→ What you have to do:
The line holding "Maxbell Western Felt" and every line after it through the end of the entries below: retype these exactly and nothing more.

-- -- --

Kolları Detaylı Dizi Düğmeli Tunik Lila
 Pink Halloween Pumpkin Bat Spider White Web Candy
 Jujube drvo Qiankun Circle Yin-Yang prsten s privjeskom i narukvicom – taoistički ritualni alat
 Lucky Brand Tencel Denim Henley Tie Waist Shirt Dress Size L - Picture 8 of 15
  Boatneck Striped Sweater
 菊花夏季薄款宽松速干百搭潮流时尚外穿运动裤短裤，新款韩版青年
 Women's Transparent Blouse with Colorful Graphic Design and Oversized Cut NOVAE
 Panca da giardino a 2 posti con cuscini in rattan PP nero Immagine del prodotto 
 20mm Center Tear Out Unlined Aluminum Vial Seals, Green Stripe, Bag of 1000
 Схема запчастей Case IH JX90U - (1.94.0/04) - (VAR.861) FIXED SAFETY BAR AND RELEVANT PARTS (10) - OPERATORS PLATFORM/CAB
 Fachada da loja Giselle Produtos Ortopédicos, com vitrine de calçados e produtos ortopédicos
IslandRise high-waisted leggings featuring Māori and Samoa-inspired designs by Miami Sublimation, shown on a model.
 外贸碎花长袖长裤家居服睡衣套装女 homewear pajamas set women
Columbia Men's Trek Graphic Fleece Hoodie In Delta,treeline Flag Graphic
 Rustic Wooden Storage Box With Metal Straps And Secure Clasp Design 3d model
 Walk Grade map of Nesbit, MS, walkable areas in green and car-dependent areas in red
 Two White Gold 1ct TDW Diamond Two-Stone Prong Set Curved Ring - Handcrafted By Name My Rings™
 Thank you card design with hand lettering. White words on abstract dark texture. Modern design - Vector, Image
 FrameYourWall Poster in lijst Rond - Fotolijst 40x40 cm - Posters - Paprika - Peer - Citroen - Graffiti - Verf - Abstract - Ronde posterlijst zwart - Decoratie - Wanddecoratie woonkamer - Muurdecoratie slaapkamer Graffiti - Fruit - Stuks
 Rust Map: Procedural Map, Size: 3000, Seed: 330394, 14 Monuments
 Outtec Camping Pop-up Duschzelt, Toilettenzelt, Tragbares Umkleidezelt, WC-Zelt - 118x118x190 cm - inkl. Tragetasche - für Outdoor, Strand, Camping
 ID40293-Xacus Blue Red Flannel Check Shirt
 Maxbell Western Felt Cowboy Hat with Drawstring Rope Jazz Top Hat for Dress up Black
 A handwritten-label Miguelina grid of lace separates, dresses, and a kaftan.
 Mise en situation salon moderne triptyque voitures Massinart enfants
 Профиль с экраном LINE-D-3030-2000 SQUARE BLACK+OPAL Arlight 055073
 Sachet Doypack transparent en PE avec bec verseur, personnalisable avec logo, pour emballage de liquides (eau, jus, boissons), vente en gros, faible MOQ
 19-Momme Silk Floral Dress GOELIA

-- -- --

→ Result:
 Maxbell Western Felt Cowboy Hat with Drawstring Rope Jazz Top Hat for Dress up Black
 A handwritten-label Miguelina grid of lace separates, dresses, and a kaftan.
 Mise en situation salon moderne triptyque voitures Massinart enfants
 Профиль с экраном LINE-D-3030-2000 SQUARE BLACK+OPAL Arlight 055073
 Sachet Doypack transparent en PE avec bec verseur, personnalisable avec logo, pour emballage de liquides (eau, jus, boissons), vente en gros, faible MOQ
 19-Momme Silk Floral Dress GOELIA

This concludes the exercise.